I need a way to do key-value lookups across (potentially) hundreds of GB of data. Ideally something based on a distributed hashtable, that works nicely with Java. It should be fault-tolerant, and open source.
The store should be persistent, but would ideally cache data in memory to speed things up.
It should be able to support concurrent reads and writes from multiple machines (reads will be 100X more common though). Basically the purpose is to do a quick initial lookup of user metadata for a web-service.
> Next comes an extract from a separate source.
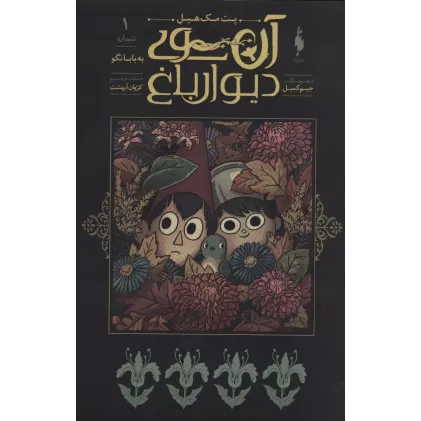 کتاب آن سوی دیوار باغ 1 (به بابا نگو)،(کمیک استریپ)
Can anyone recommend anything?
You should probably specify if it needs to be persistent or not, in memory or not, etc. You could try: http://www.danga.com/memcached/
Try distributed Map structure from Redisson, it based on Redis server. Using Redis cluster configuration you may split data across 1000 servers.
Usage example:
Open Chord is an implementation of the CHORD protocol in Java. It is a distributed hash table protocol that should fit your needs perfectly.
DNS has the capability to do this, I don't know how large each one of your records is (8GB of tons of small data?), but it may work.
Depending on the use case, Terracotta may be just what you need.
OpenChord sounds promising; but i'd also consider BDB, or any other non-SQL hashtable, making it distributed can be dead-easy (if the number of storage nodes is (almost) constant, at least), just hash the key on the client to get the appropriate server.